Packaging and labels
Product packaging and labels live in market for months or years. A dynamic code lets one printed label move from a launch page to setup instructions to a warranty or reorder page over the product's life — same artwork, new destination each time. With bulk generation you give every SKU its own code from a single spreadsheet.
Out-of-home and posters
Billboards, transit posters and window graphics get a high-contrast code sized for scan distance. Track scans by city to see which placement performed, and repoint the whole flight to a new landing page without a reprint cycle — the attribution OOH has historically lacked, finally as a number you can defend.
Direct mail
Postcards and mailers bridge offline to online with a scannable code that drops the recipient straight onto a tracked landing page. Measure response rate by scan volume and tag the destination with a mailer-specific UTM so the response shows up in your web analytics next to every other channel.
Email and digital handoff
Put a QR in an email footer or signature so a desktop reader can pick up on their phone, and build campaign UTMs into the destination with the free UTM builder so every scan flows into your existing analytics stack with full source, medium and campaign attribution.
Events and trade shows
Booth backdrops, badges, signage and handouts each get their own code, so you can read foot traffic by surface. Repoint a single event code from the pre-show teaser to the live agenda to the post-show follow-up across the event lifecycle — one printed asset, three jobs.
Retail and in-store
Shelf talkers, endcaps and window decals point shoppers at product detail, reviews, or a promo page while they're standing in the aisle with intent. Per-store codes let you compare scan volume across locations and find your strongest retail footprint instead of guessing.
Real estate and field marketing
Yard signs, brochures and open-house flyers carry a code that opens a listing, a virtual tour, or a contact page on the spot. Repoint the same sign from "for sale" to "sold" to the next listing, and read scan timing to see when a property is drawing the most interest.
Design QR codes so campaigns actually get scanned
A QR code that doesn't scan is wasted budget, and most scan failures trace back to three avoidable design mistakes: the code is too small for the distance, the contrast is too weak, or the margin around it is missing. Here is what to get right before a single asset goes to print.
Size for the scan distance. The working rule is roughly a 10:1 distance-to-size ratio — the code's printed width should be about one-tenth of the distance a person scans it from. A table card or product label read from a foot away can be small; a poster read from across a room needs to be a few inches; a billboard read from across a street needs to be large enough that it reads as a deliberate element, not a postage stamp. As a practical floor for print, keep a dynamic code at no less than about 2 × 2 cm even at close range, and scale up from there as distance grows. When in doubt, go bigger — an oversized code never failed to scan.

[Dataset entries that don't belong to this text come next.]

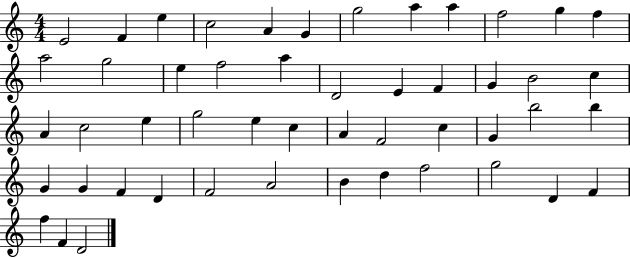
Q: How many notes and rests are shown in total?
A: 50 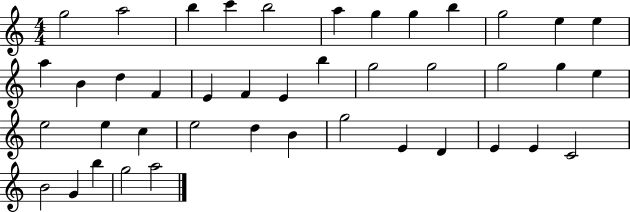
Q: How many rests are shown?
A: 0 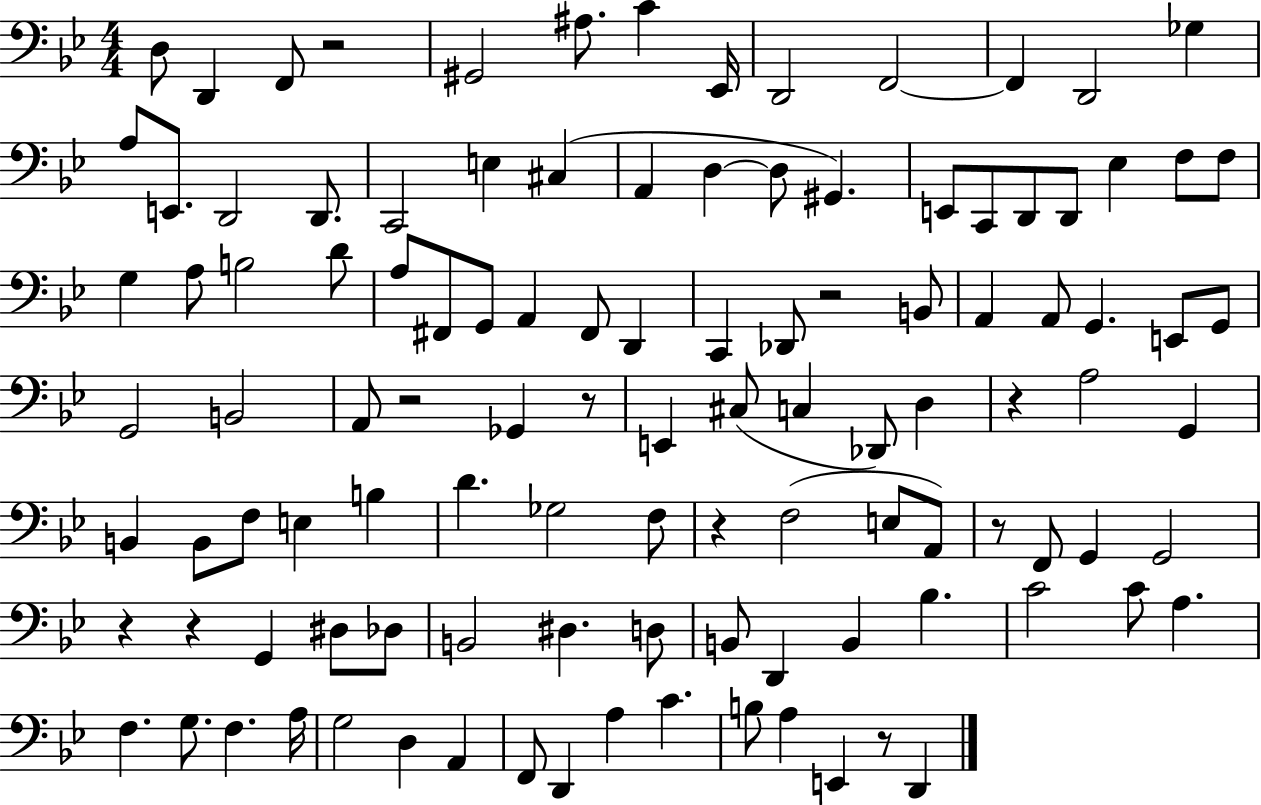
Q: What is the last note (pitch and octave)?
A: D2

Contrast and quiet zone. Scanners need a strong dark-on-light pattern; a dark code on a light background is the safe default, and reversing it (light on dark) often fails on phone cameras. Keep the quiet zone — the blank margin around the code, about four modules wide — clear of text and graphics, because that border is what lets a camera find the code at all. If you brand the code with a logo or color, keep the contrast high and test the proof; a beautiful low-contrast code that doesn't scan is worse than a plain one that does.
Give people a reason to scan. A naked code with no context underperforms a code with a one-line call to action and an incentive. "Scan for 15% off," "Scan to watch the demo," "Scan for the full menu" — tell the audience what they get. Then test the printed proof on at least two different phones (an older Android and a recent iPhone, ideally) under realistic lighting before you commit to the full run. Multi-device, real-lighting testing catches the failures a clean on-screen preview never will.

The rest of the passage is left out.